Trezor Firmware

The official firmware for Trezor hardware wallets, supporting both the Trezor Model T and Trezor One. It features a modular architecture including a MicroPython-based core for modern devices and a legacy C implementation, backed by custom cryptographic and storage libraries.

Trezor Firmware

Overview

The Trezor Firmware repository is a monorepo containing the source code for the world’s first hardware wallets. It serves as the foundational software for the Trezor Model T and the original Trezor One, providing the secure environment necessary for managing private keys and signing cryptocurrency transactions. The project is designed with a heavy emphasis on security, transparency, and reproducibility, ensuring that users can verify the code running on their devices.

Architecture and Components

The repository is organized into several key modules that cater to different hardware generations and functional requirements:

  • Trezor Core: Located in the core directory, this is the modern firmware implementation for the Trezor Model T. It is built on top of a customized MicroPython environment, allowing for high-level application logic to be written in Python while performance-critical tasks remain in C and Rust.
  • Legacy Firmware: The legacy directory contains the original C-based firmware implementation for the Trezor One. This version is optimized for the more constrained hardware resources of the original device.
  • Crypto Library: A stand-alone, highly optimized cryptography library used by both the Core and Legacy implementations. It handles the heavy lifting of elliptic curve cryptography and hashing algorithms.
  • Storage: The storage module implements NORCOW (NOR Copy-On-Write), a specialized storage system designed for embedded flash memory to ensure data integrity and wear leveling.

Technical Implementation

Trezor’s approach to firmware development is unique in the embedded space. By leveraging MicroPython for the Trezor Core, the project enables faster development of complex features like touch-screen interfaces and multi-asset support without sacrificing the security of the underlying C-based cryptographic primitives.

The project uses Google Protocol Buffers (Protobuf) for communication between the device and host computers. This ensures a strictly defined API (the Trezor Protocol) that can be easily implemented across different client libraries, such as the included Python trezorctl tool.

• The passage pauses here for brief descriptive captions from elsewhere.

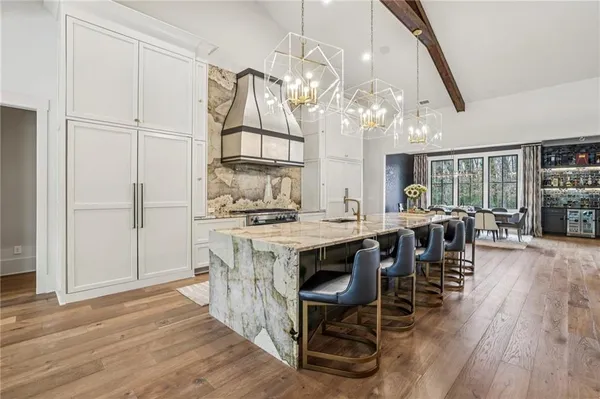 a kitchen with stainless steel appliances granite countertop a table chairs and wooden floor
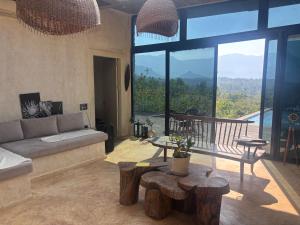 uma sala de estar com um sofá, uma mesa e janelas em Silvaate stay em Dhamni mais 24 fotografias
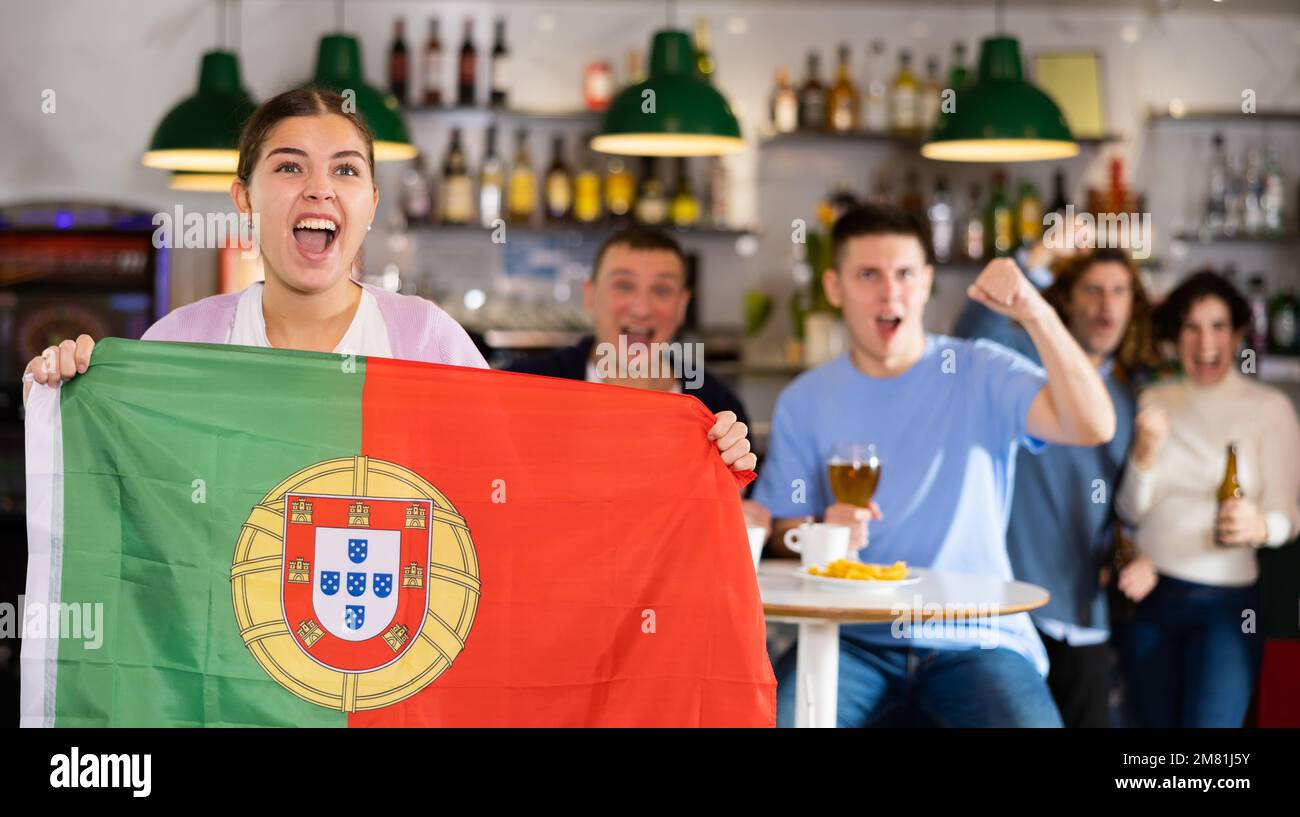 Gesellschaft von schreienden jungen erwachsenen Sportfans, die die Flagge Portugals schwenken und die Nationalmannschaft mit Bier im Pub unterstützen Stockfoto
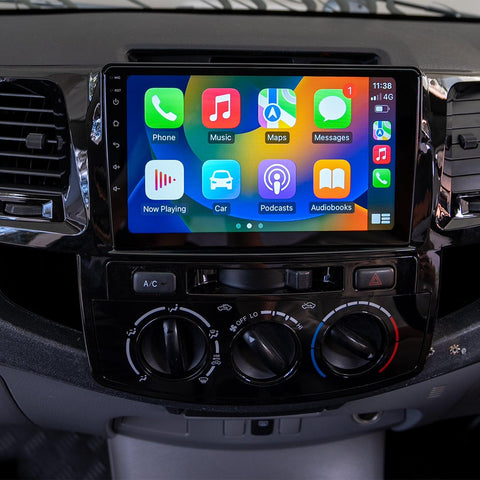 Dashboard of the Toyota Hilux 2005-2015 featuring a multimedia system with Apple CarPlay. The screen displays app icons for Phone, Maps, Messages, Now Playing, Car, Calendar, Settings, and Google Maps. Below the screen are controls for air conditioning and other car functions. The interface indicates a connected iPhone with 4G signal and time display. Type 1.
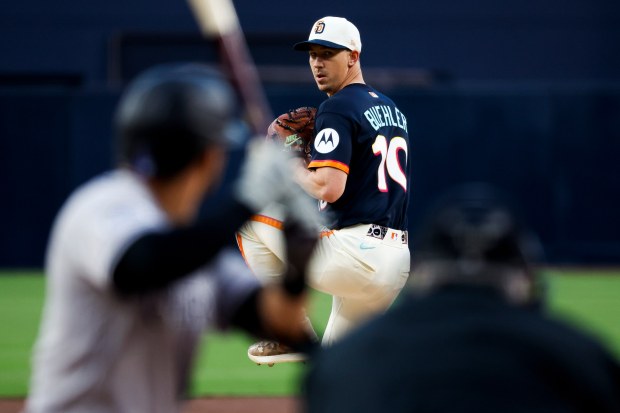 Walker Buehler #10 of the San Diego Padres pitches against the Colorado Rockies during the first inning at Petco Park on Friday, April 10, 2026 in San Diego, California. (Meg McLaughlin / The San Diego Union-Tribune)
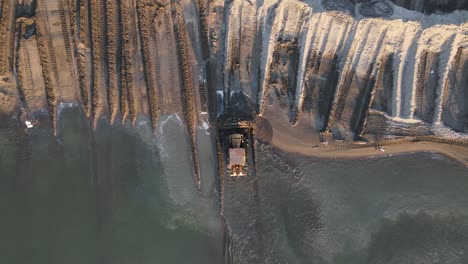 bulldozer carrying sand to shore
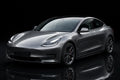 Super Gloss Metallic Graphite Gray PET vinyl wrap film on a car, front three-quarter studio view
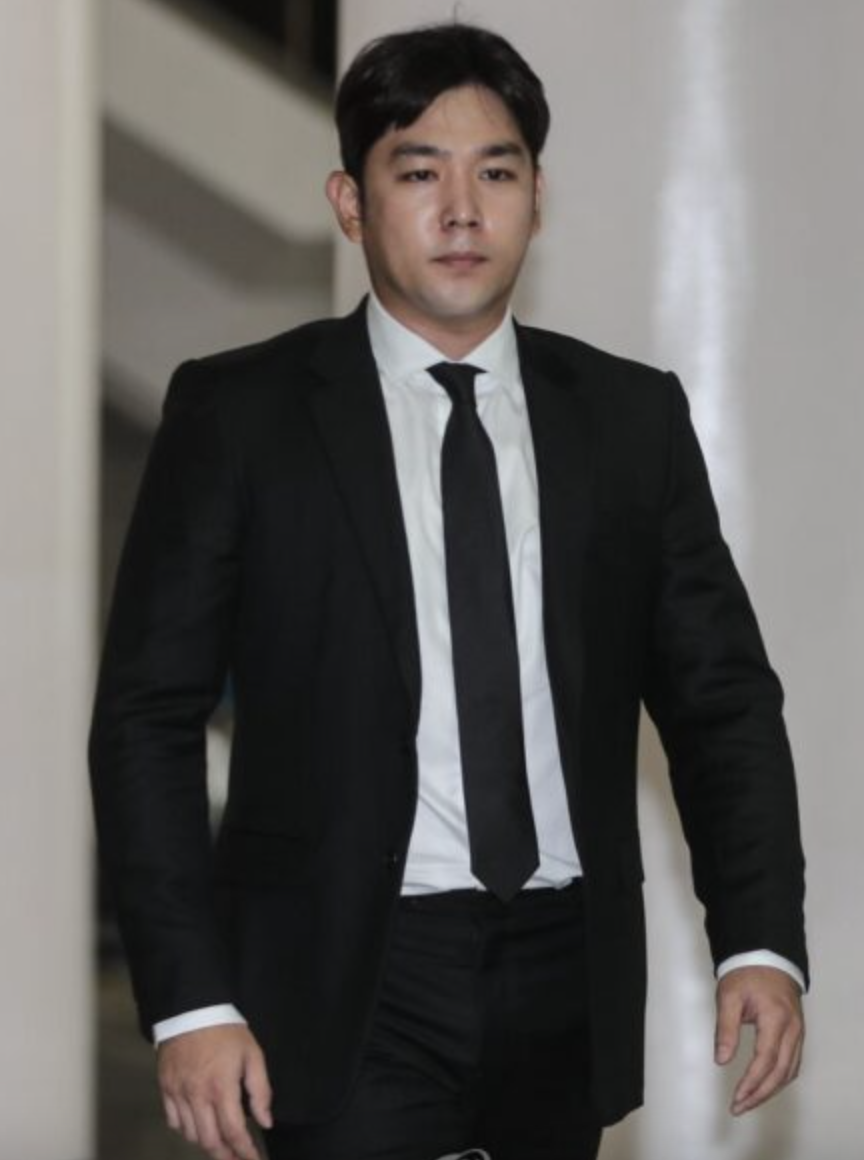 Super Junior member Kangin wearing a black suit 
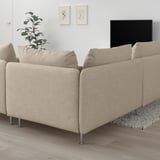 SÖDERHAMN beige sofa on wooden floor, low profile, plush cushions, large size, gray rug, tv, wall art, plant.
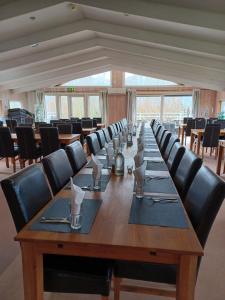 a long wooden table with black chairs around it at Vandrarhem & Lofthus Solstickan Mellbystrand in Mellbystrand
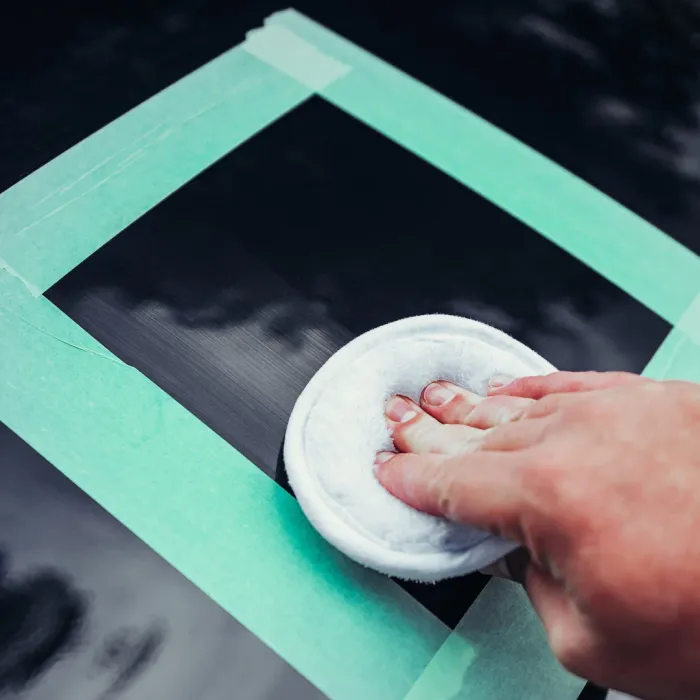 A hand polishes a taped-off section of a car's black surface using a white cloth pad in an outdoor setting.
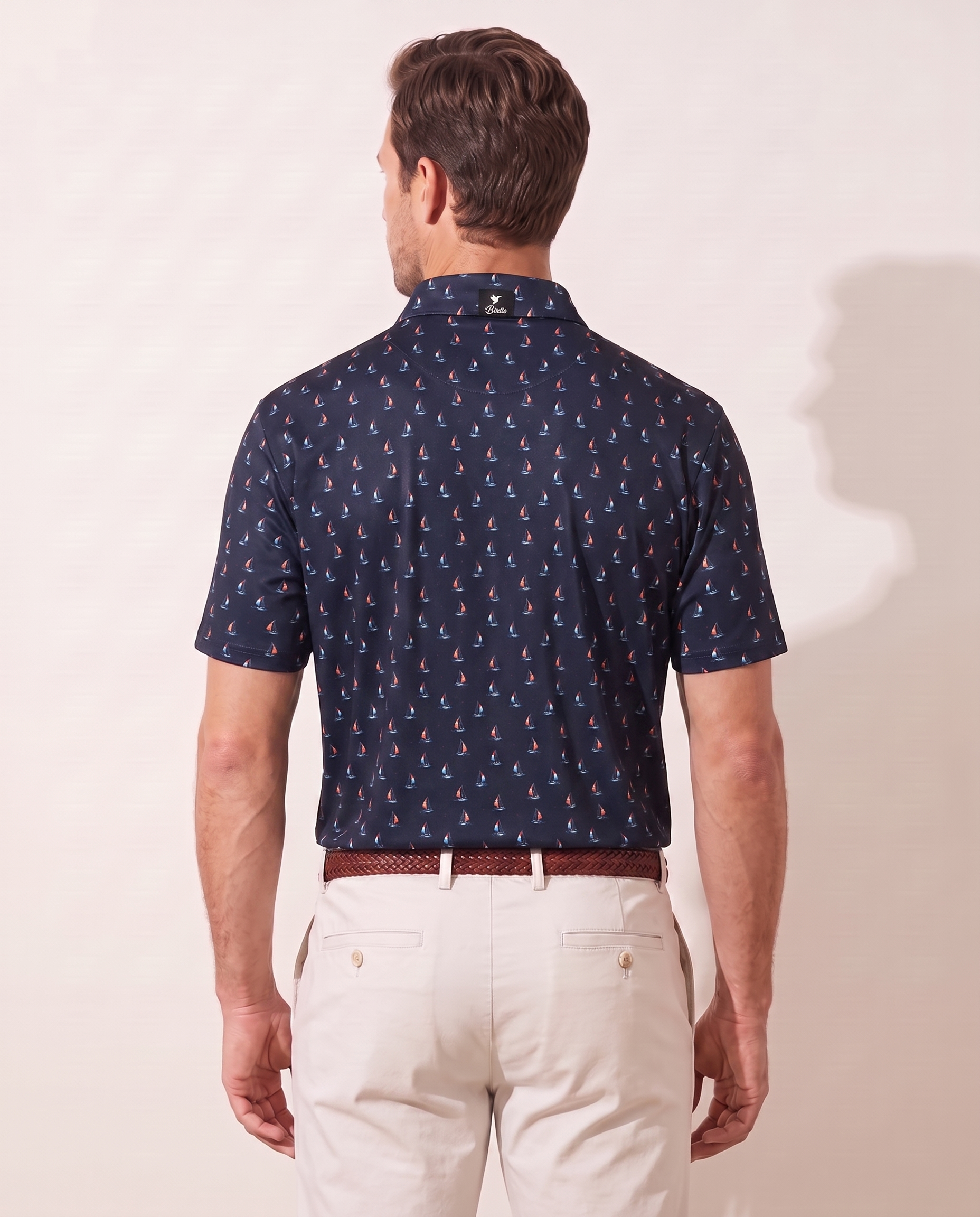 Smooth Sailing polo on model — back view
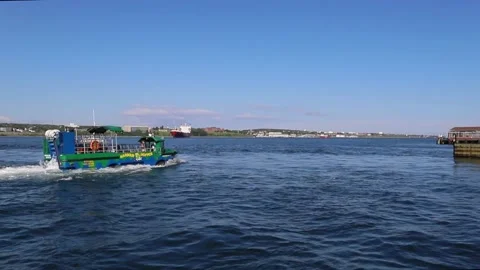An excursion amphibious bus with tourists sails across the ocean. Attraction. Stock Footage 239020340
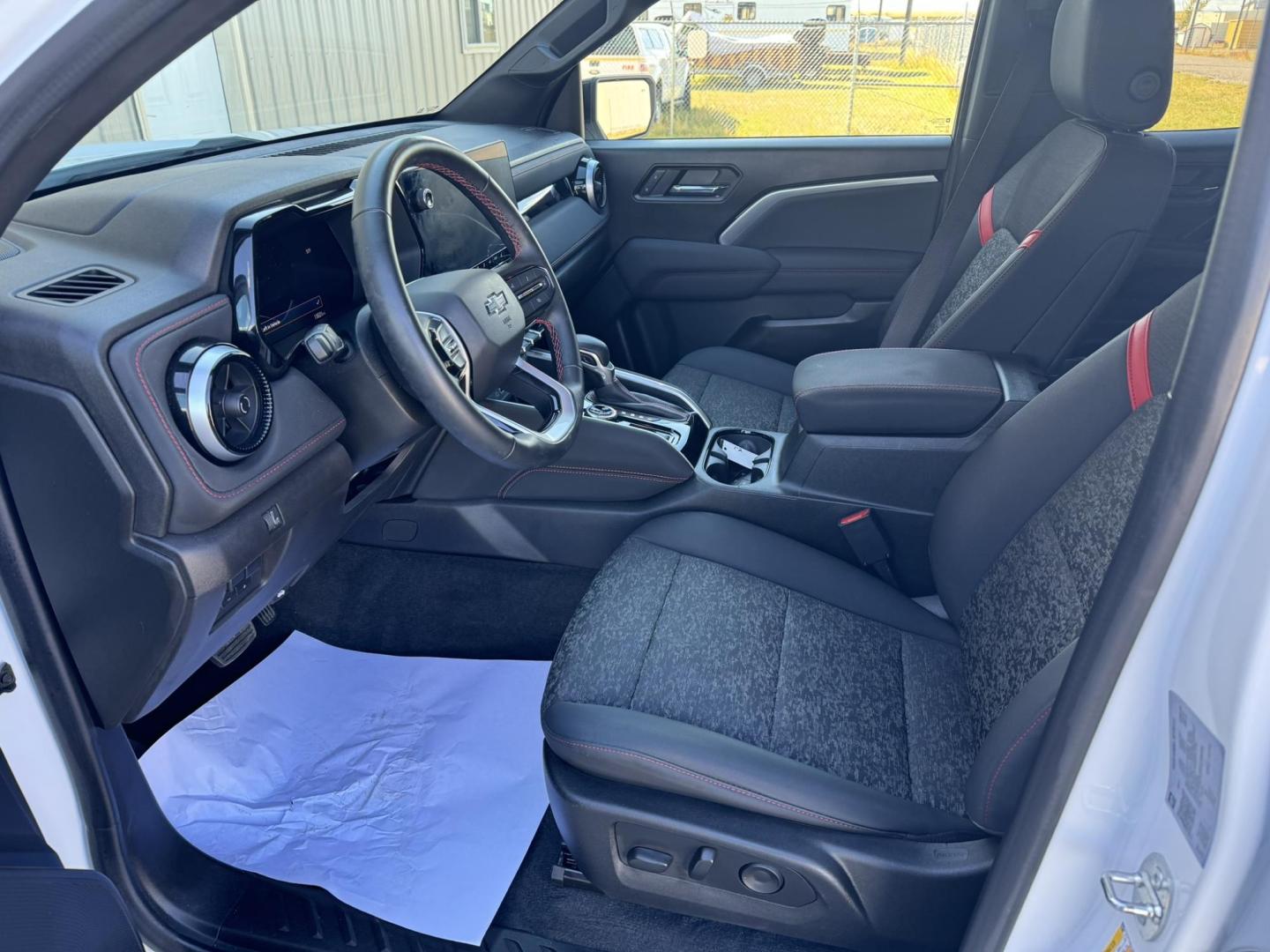 2023 WHITE /Charcoal Chevrolet Colorado Z71 Crew Cab 4WD (1GCPTDEK2P1) with an 2.7L L4 DOHC 16V TURBO engine, 6A transmission, located at 116 5th Avenue South, Lewistown, MT, 59457, 47.063877, -109.427879 - Experience power and versatility with the 2023 Chevrolet Colorado Z71 Crew Cab 4WD. This rugged truck is built to handle any terrain, offering a bold design and the capability you need for both work and play. Equipped with a robust 4WD system, it ensures confident performance on all surfaces, while - Photo#11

Development and Build System

The project maintains a sophisticated build environment to ensure security and consistency:

  • Nix Integration: The use of shell.nix provides a reproducible development environment, pinning specific versions of compilers (like gcc-arm-embedded) and tools to ensure that every developer and CI runner produces identical binaries.
  • Build Tools: A comprehensive Makefile manages everything from code style checks (clang-format, black, pylint) to code generation for Protobuf and coin definitions.
  • Continuous Integration: The repository includes extensive unit tests and style checks to maintain code quality across the various languages used (C, Python, and Rust).

Security and Contributions

As a security-centric project, Trezor maintains a strict vulnerability disclosure policy and encourages community audits. The project follows a structured contribution process, requiring conventional commits and adherence to rigorous code style standards. For developers looking to add support for new assets, the repository provides a clear path through the common/defs directory, which houses JSON-based coin definitions and support tables.